Son refus, par exemple, de participer à une revue est d’ordre « esthétique et instinctif, moral ». Le rapport est étroit que Flaubert établit entre esthétique et morale ; ce n’est pas seulement une décision de l’esprit : son être tout entier rechigne « instinctif » et le cloisonne dans un refus qui définit admirablement le respect et le dégoût que Flaubert a des autres.
Pour Flaubert, on n’insistera jamais assez là-dessus, ce qui est beau est vrai : « Quand un vers est bon, iI perd son école. Un bon vers de Boileau est un bon vers d’Hugo.
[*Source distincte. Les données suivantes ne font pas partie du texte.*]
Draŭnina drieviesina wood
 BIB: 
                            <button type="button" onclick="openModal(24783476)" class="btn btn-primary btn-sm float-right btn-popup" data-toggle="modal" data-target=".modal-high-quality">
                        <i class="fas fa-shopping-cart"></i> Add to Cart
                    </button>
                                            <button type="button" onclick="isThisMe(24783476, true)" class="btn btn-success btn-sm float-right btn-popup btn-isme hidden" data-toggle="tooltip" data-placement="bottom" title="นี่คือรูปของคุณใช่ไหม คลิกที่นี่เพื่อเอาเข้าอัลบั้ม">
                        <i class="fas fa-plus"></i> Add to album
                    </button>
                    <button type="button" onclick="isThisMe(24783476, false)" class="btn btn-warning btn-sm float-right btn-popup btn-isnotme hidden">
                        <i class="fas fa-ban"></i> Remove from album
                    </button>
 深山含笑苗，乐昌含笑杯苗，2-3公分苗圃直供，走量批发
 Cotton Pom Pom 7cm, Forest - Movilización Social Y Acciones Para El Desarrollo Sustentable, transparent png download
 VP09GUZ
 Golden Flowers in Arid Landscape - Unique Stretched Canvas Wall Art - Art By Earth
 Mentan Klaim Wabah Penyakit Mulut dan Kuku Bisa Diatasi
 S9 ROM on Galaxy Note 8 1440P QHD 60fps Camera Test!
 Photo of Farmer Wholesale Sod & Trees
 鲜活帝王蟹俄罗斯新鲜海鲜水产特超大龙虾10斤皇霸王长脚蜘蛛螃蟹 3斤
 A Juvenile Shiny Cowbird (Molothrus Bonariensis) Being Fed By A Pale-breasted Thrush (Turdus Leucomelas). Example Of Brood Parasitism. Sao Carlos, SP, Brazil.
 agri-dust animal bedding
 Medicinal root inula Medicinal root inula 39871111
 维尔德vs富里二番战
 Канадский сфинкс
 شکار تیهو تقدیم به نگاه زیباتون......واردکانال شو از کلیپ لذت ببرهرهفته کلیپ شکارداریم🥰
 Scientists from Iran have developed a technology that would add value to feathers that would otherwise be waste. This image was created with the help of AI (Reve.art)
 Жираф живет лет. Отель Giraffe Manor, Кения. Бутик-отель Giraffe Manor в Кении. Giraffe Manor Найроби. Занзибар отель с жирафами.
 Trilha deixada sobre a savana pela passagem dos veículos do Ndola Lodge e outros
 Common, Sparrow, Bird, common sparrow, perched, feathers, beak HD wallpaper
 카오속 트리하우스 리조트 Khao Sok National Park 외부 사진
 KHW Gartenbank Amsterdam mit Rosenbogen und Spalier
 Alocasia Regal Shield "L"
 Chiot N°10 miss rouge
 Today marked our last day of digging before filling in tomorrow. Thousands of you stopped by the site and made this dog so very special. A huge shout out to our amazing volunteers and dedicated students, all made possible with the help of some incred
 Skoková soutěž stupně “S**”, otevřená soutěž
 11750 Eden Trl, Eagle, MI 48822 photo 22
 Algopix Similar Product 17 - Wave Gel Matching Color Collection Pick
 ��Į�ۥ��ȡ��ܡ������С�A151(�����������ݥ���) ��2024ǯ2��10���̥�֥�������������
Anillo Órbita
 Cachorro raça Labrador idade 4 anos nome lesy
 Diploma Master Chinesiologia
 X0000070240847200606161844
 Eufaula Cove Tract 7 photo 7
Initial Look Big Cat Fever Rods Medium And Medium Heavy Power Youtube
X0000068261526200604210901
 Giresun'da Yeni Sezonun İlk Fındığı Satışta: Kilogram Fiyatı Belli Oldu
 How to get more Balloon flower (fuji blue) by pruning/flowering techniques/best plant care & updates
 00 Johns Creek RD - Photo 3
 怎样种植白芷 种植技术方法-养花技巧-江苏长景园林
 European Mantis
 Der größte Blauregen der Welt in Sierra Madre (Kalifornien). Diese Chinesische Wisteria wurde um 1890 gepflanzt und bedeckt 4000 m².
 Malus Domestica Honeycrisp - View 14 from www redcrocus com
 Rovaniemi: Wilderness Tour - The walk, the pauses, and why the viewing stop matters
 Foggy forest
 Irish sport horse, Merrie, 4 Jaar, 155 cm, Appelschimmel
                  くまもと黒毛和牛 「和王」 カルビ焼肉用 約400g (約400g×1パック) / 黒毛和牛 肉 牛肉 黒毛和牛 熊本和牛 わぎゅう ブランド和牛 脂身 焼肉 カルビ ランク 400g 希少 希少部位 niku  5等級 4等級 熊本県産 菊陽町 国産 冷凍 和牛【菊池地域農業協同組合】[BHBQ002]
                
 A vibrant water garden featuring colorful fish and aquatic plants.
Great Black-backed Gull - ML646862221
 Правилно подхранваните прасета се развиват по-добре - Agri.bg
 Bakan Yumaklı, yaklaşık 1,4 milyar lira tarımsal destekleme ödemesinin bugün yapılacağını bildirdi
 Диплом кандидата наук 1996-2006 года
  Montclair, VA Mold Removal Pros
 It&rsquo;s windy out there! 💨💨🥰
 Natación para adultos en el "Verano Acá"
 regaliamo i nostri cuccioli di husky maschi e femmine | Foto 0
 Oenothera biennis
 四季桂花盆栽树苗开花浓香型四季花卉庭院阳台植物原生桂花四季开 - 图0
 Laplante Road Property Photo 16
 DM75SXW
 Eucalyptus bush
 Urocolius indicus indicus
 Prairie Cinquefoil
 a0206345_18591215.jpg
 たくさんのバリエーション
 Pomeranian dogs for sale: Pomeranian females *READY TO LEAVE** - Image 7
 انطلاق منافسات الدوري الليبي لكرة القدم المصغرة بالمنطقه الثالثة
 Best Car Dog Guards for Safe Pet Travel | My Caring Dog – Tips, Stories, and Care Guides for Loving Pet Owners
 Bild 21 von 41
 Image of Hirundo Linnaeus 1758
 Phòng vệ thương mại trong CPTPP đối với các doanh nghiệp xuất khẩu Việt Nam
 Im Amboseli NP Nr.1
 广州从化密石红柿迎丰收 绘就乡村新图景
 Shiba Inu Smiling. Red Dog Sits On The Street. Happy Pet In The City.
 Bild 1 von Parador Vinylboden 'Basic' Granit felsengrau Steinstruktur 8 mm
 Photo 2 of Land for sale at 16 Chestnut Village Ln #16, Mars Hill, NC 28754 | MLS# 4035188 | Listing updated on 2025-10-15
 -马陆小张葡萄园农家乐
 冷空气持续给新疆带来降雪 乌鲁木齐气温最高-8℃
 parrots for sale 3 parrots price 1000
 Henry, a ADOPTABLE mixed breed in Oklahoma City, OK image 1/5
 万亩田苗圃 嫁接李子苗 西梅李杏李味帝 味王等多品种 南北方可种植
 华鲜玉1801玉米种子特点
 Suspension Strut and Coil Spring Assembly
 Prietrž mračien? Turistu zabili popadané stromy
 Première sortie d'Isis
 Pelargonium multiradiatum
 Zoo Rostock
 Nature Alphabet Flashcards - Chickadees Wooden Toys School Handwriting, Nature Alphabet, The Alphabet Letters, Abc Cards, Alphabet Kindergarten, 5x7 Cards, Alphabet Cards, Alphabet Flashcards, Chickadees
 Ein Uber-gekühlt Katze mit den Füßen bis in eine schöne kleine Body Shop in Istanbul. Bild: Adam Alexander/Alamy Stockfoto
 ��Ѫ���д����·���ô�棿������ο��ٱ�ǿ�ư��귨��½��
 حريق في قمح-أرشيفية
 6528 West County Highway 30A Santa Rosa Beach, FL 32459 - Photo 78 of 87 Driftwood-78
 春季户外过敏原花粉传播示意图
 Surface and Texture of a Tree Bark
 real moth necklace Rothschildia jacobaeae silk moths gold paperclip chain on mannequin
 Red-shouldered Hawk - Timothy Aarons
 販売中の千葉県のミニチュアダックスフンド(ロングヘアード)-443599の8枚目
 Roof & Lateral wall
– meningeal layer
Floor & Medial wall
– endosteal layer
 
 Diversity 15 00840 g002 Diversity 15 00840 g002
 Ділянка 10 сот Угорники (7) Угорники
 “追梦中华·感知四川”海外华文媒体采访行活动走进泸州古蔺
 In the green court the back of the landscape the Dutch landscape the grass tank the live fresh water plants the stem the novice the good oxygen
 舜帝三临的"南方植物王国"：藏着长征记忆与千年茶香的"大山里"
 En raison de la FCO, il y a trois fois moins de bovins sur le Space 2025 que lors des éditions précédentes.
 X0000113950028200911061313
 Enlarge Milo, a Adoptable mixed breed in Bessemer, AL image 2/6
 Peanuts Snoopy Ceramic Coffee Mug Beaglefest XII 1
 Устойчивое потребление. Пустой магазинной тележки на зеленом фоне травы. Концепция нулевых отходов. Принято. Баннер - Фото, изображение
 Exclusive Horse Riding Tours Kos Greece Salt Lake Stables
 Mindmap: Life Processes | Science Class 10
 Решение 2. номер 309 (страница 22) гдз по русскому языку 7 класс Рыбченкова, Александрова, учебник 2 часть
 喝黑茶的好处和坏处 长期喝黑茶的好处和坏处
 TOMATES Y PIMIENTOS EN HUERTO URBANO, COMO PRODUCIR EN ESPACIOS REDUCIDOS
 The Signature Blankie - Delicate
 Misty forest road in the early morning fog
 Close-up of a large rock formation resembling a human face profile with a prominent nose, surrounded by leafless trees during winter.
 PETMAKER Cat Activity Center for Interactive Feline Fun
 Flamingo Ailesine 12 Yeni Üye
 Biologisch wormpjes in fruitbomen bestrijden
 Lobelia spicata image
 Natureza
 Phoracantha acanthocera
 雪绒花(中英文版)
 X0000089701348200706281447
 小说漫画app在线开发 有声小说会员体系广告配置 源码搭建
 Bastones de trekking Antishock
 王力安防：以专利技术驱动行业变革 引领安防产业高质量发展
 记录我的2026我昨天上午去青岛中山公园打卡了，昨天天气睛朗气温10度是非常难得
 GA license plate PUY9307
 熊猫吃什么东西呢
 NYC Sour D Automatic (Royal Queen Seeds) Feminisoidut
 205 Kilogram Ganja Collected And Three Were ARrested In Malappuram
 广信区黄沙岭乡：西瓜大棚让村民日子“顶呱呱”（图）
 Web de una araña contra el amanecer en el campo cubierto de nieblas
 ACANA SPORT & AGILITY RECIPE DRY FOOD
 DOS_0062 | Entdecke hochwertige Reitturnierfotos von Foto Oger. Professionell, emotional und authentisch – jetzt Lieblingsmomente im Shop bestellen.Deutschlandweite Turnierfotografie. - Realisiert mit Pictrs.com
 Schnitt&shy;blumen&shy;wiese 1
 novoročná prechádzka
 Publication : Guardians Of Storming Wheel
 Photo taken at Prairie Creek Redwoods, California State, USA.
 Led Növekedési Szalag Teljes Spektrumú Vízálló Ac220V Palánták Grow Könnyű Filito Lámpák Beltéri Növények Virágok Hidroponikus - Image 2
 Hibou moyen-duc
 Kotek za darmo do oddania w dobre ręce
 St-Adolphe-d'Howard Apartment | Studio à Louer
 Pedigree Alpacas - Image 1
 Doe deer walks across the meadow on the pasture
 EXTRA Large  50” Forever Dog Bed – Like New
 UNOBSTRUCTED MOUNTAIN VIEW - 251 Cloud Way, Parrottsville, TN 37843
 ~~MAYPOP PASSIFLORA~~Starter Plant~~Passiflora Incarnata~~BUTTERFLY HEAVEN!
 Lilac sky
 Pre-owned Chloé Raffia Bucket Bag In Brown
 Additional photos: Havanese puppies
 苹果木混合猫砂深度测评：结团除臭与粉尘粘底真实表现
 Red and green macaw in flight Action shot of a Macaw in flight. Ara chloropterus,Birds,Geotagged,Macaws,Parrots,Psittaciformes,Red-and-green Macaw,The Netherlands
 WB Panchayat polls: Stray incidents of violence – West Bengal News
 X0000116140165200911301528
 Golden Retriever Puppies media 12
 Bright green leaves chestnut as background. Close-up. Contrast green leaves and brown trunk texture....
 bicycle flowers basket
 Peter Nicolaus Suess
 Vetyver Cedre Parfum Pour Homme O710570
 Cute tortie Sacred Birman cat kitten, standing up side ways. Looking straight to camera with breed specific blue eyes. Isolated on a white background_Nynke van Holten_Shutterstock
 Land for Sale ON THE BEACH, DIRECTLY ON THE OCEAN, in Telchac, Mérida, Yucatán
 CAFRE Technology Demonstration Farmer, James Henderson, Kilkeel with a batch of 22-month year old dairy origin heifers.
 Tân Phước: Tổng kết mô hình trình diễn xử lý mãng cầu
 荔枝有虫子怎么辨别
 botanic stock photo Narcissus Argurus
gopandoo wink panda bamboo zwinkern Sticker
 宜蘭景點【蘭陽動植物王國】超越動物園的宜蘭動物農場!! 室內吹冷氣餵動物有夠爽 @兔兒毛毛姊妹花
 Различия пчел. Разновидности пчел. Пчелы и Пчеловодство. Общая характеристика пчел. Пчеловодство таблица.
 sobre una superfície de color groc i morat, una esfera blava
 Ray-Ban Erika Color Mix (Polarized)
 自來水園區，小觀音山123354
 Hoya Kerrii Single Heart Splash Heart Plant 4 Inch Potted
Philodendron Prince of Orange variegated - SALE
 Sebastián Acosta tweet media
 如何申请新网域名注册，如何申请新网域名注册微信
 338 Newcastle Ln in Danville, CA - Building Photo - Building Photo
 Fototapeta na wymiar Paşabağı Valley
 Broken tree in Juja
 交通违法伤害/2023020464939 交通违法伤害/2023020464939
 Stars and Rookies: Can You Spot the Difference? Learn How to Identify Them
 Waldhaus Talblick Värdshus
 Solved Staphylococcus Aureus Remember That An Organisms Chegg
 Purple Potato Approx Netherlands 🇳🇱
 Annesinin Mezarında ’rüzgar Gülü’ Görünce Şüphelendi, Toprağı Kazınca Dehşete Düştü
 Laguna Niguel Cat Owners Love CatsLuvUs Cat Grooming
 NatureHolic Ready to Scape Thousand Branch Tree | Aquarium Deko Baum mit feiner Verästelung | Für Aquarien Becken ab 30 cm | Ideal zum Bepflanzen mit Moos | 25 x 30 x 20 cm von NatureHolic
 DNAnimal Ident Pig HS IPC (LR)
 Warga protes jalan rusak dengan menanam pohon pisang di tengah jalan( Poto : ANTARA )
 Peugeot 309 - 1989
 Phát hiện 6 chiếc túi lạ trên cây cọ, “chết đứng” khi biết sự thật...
La perfection a partout le même caractère, qui est la précision, la justesse. »
Deux mois avant sa mort, en février 1880, Flaubert écrit : « À bas les Écoles quelles qu’elles soient ! À bas les mots vides de sens ! À bas les Académies, les poétiques, les principes ! »
Puissions-nous tous, critiques, auteurs, éditeurs, nous imprégner de cette saine violence… et retrouver le goût du « vrai », le goût de la vérité vis-à-vis de nous-mêmes et vis-à-vis des autres.
Guillaume Chaptine
(France-Observateur, 9 janvier 1964).